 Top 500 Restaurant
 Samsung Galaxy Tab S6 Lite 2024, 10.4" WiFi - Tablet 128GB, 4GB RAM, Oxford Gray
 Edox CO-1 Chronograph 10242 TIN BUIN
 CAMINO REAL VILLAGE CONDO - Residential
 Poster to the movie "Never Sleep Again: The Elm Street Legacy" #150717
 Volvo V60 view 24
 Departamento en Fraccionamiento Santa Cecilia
════════════════════
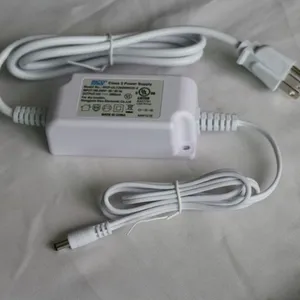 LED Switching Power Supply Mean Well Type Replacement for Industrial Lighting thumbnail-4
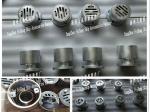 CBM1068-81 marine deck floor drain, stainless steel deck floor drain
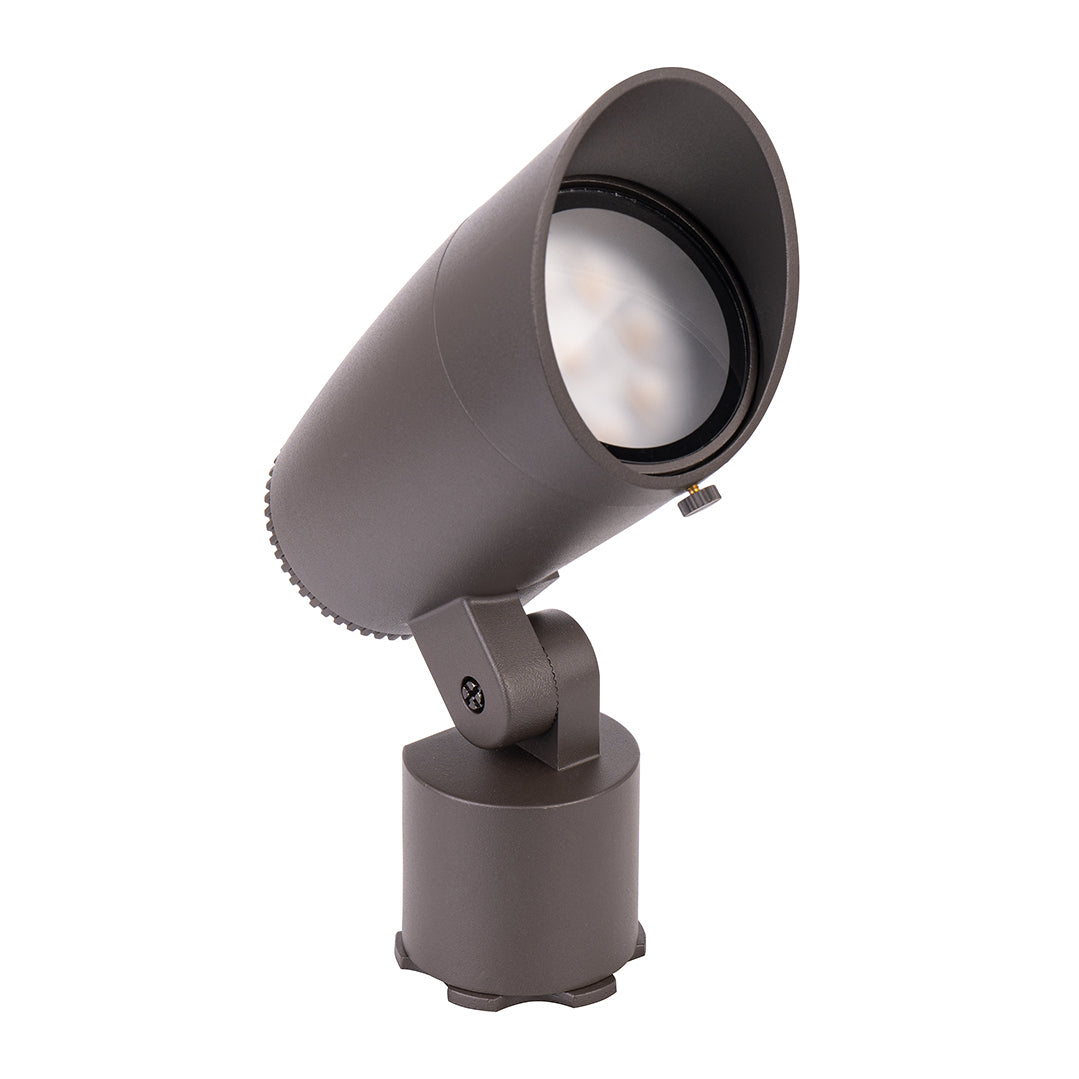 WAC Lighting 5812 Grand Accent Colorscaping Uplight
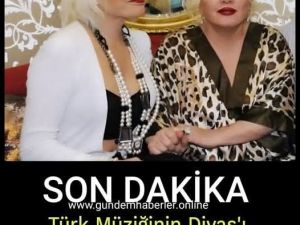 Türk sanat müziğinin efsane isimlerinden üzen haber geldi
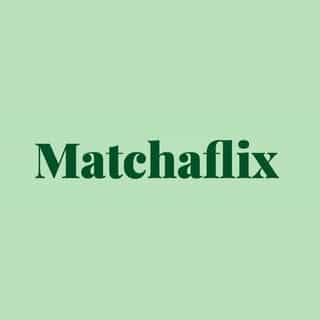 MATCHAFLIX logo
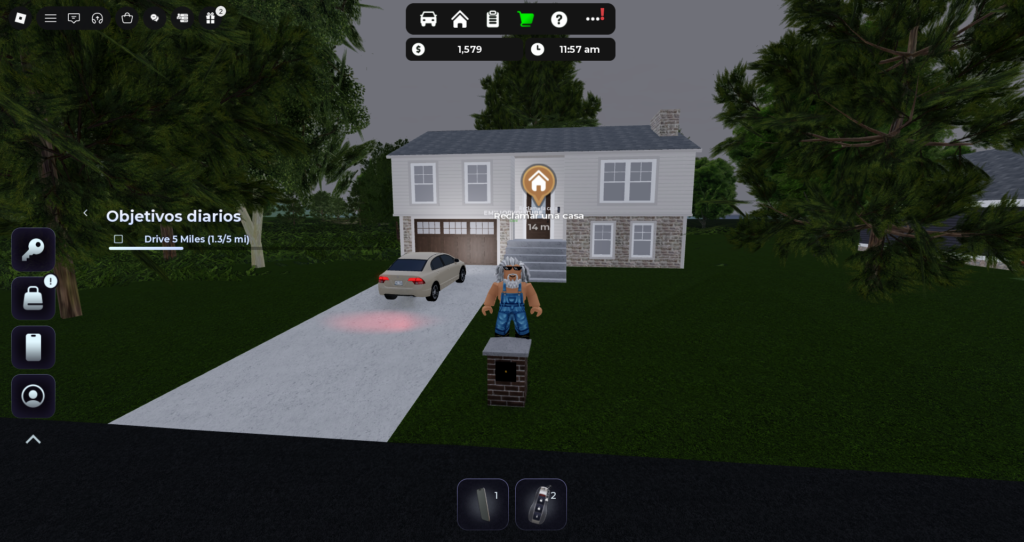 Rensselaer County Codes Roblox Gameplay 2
════════════════════
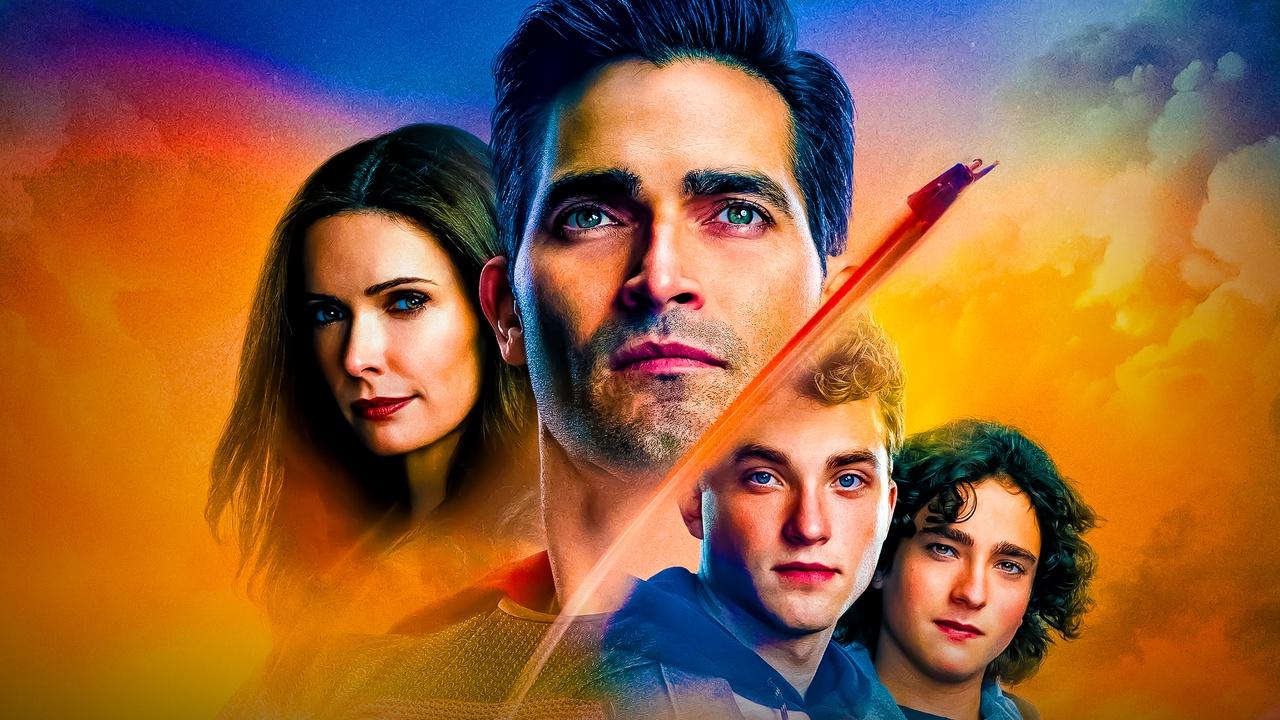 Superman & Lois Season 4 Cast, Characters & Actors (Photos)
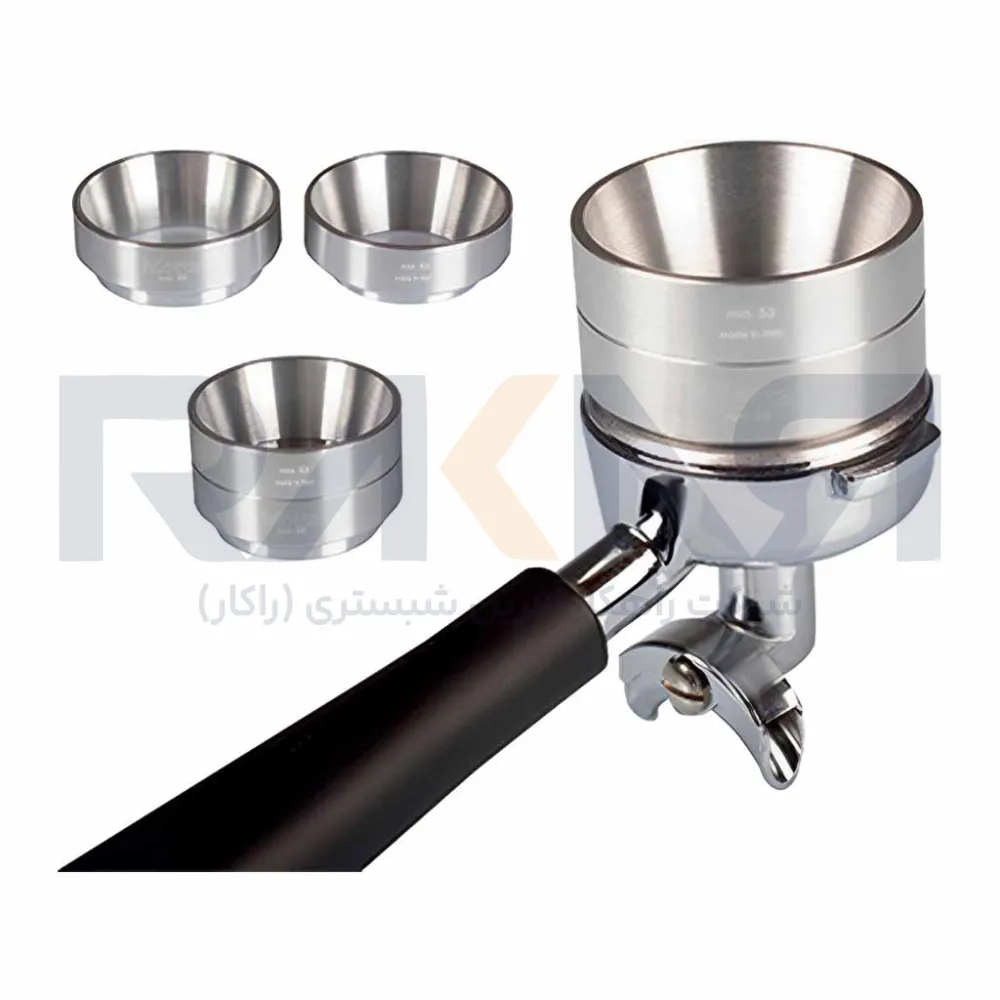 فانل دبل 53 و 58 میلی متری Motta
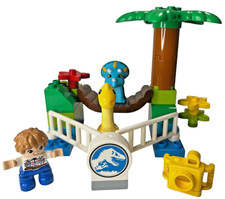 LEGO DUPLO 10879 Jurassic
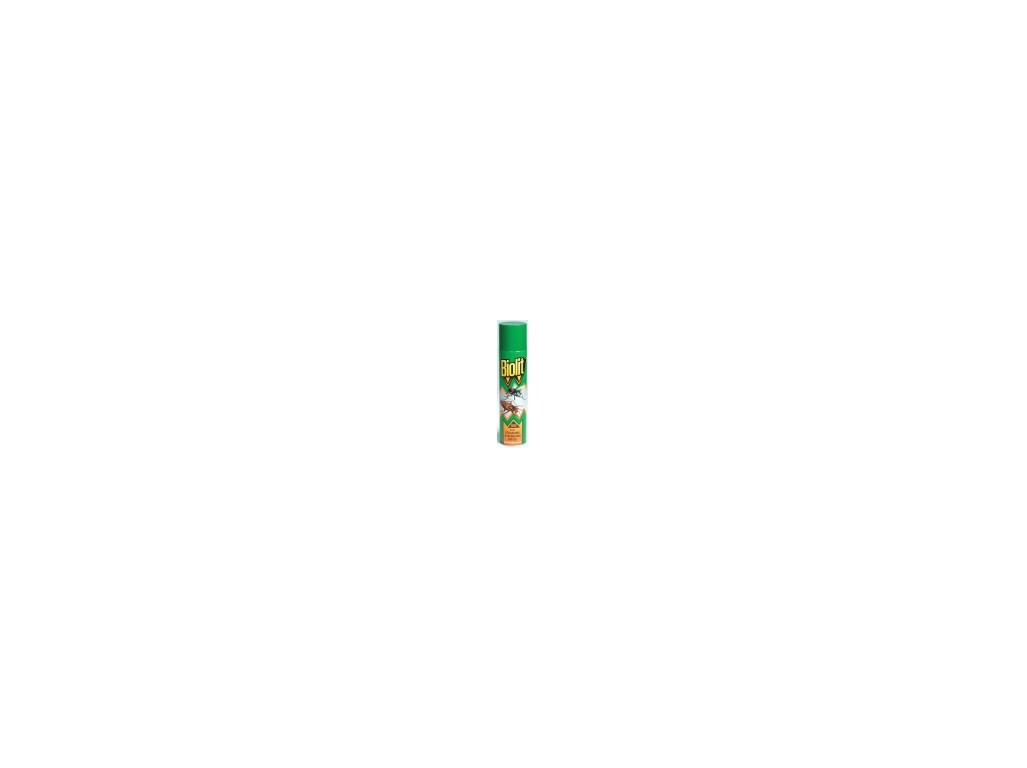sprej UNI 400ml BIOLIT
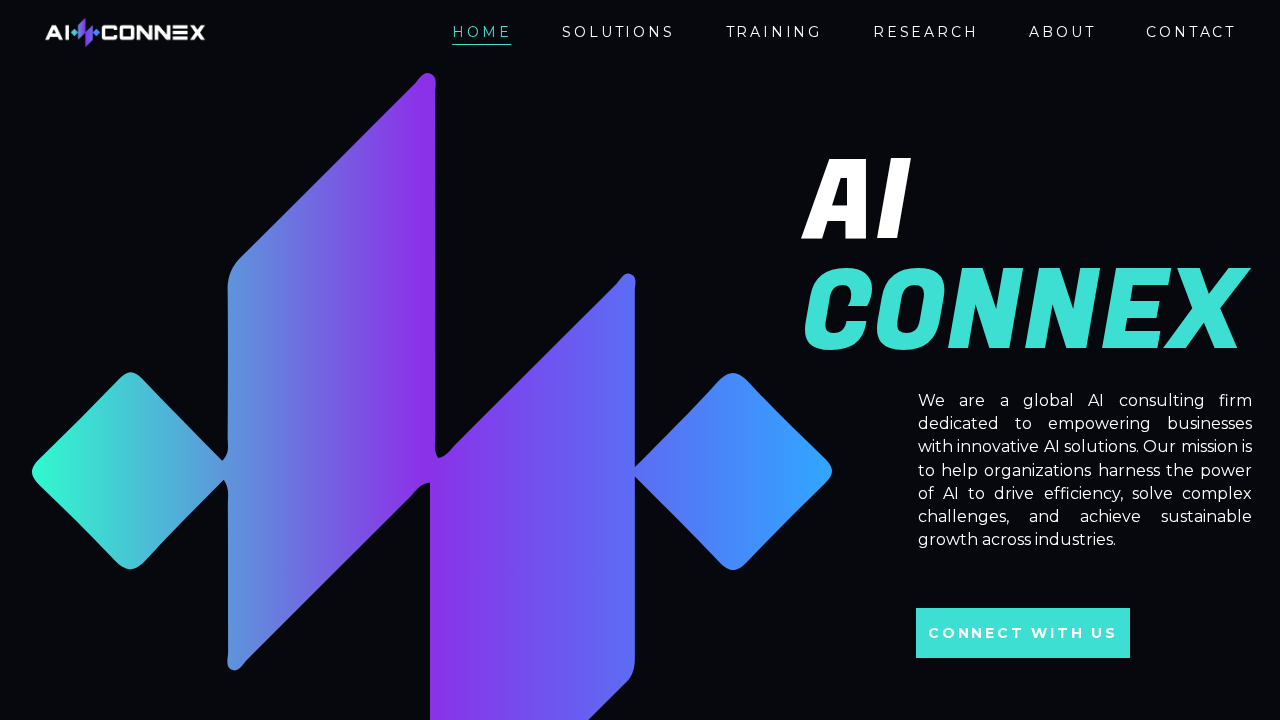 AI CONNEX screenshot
════════════════════
Start with the line above containing "MATCHAFLIX logo" and end with the line containing "Rensselaer County Codes Roblox Gameplay 2". Set down that stretch exactly, without any pictures.

• [Written reply]:
 MATCHAFLIX logo
 Rensselaer County Codes Roblox Gameplay 2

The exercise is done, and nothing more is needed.